Top of Supplied information

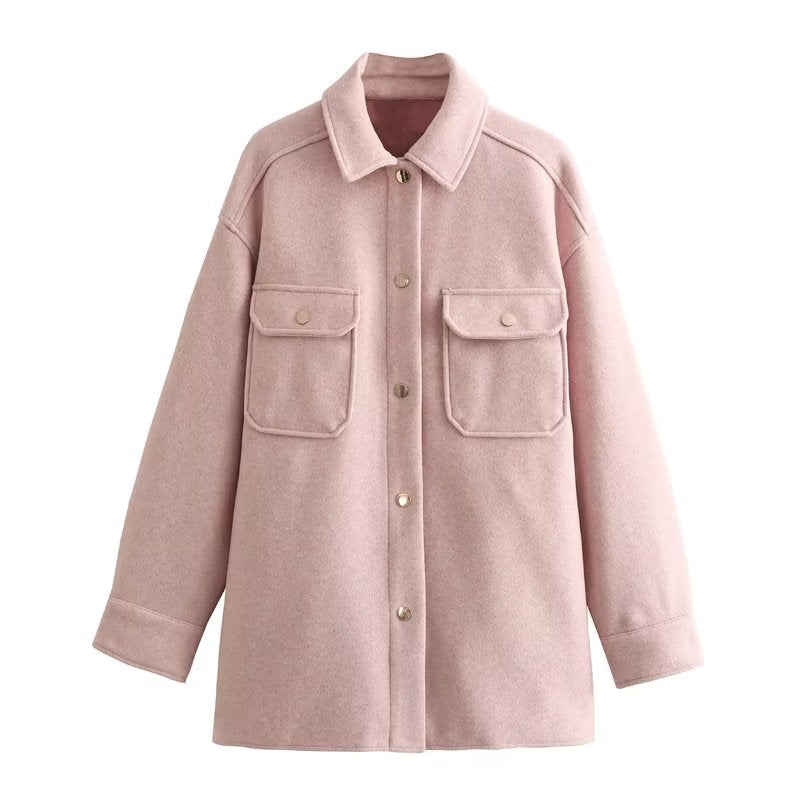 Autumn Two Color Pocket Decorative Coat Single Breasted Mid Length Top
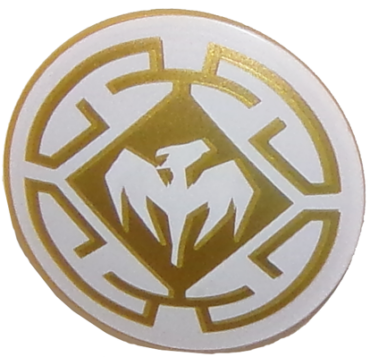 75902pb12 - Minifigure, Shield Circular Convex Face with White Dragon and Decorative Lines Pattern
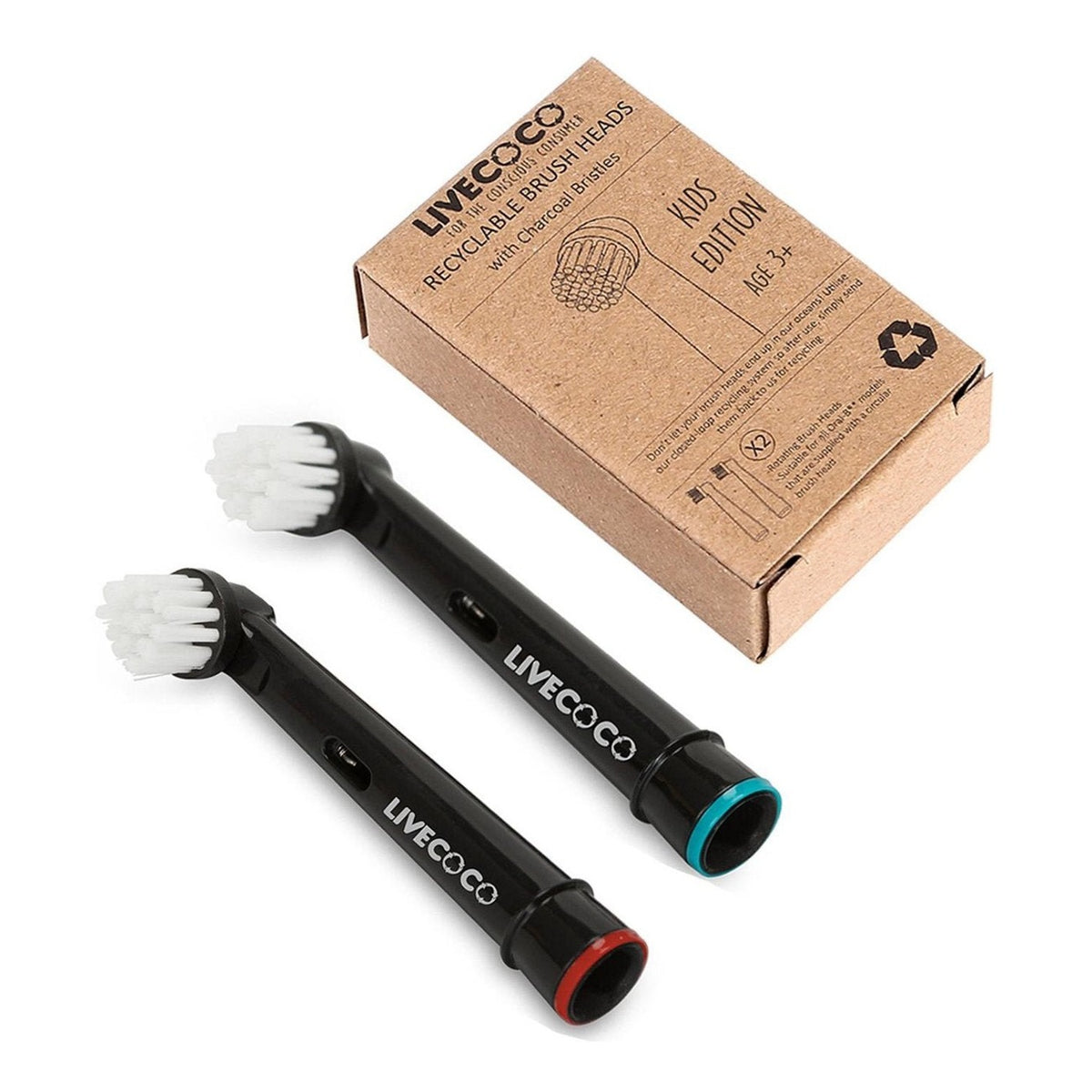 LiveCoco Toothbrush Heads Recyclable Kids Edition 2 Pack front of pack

Bottom of Supplied information
Top of Supplied information

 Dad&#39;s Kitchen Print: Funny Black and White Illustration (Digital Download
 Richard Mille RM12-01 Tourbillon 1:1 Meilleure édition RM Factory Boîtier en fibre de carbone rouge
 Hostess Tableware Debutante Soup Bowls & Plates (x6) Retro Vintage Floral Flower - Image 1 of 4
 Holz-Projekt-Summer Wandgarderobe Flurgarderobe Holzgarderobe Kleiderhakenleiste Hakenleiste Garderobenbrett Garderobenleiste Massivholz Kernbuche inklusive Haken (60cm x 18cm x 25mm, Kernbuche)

Bottom of Supplied information
Top of Supplied information

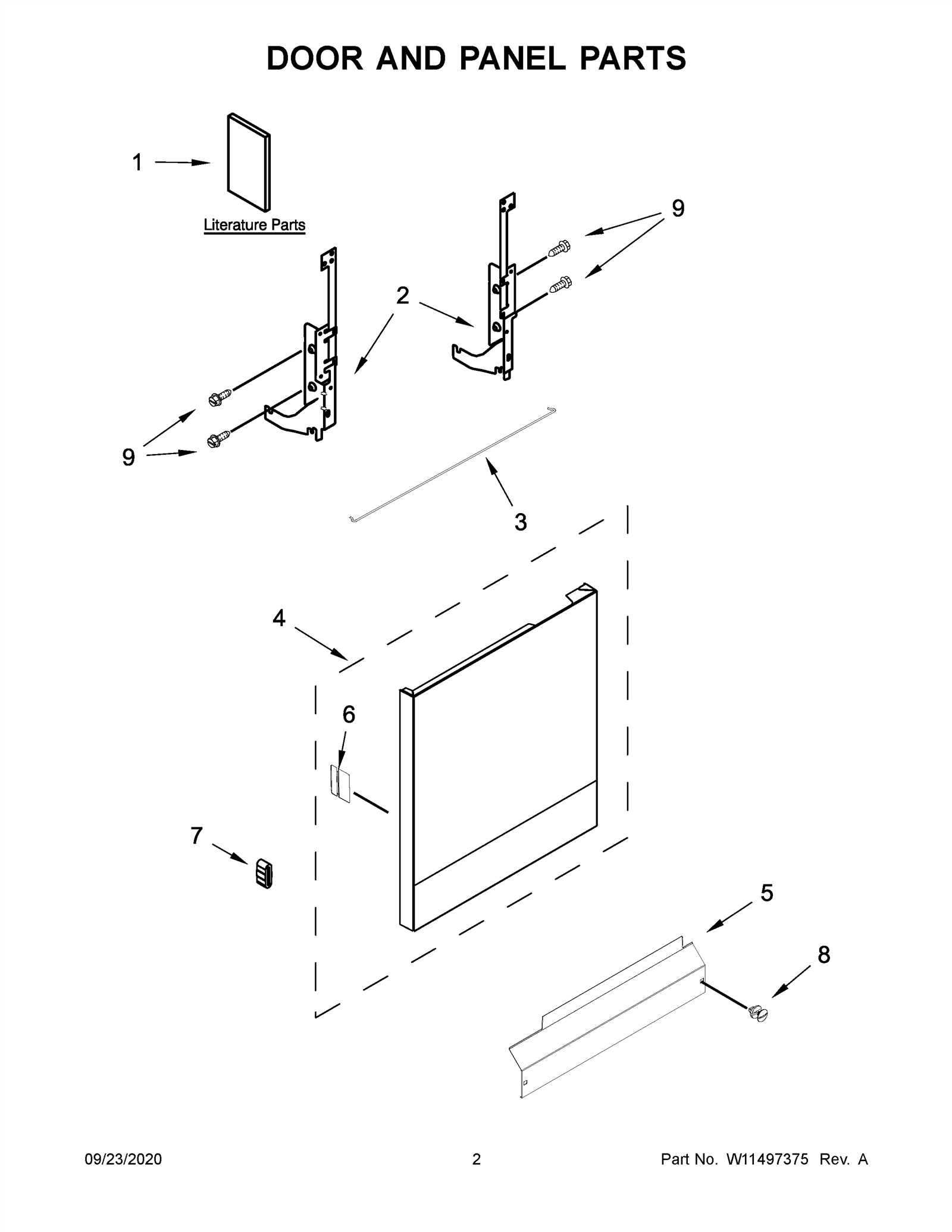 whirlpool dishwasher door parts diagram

Bottom of Supplied information

**Exercise goal:** Find the line with "Autumn Two Color" in the entries above. Set down exactly every line from it up to and including the line with "LiveCoco Toothbrush Heads", images excluded.

**Expected answer:**
 Autumn Two Color Pocket Decorative Coat Single Breasted Mid Length Top
 75902pb12 - Minifigure, Shield Circular Convex Face with White Dragon and Decorative Lines Pattern
 LiveCoco Toothbrush Heads Recyclable Kids Edition 2 Pack front of pack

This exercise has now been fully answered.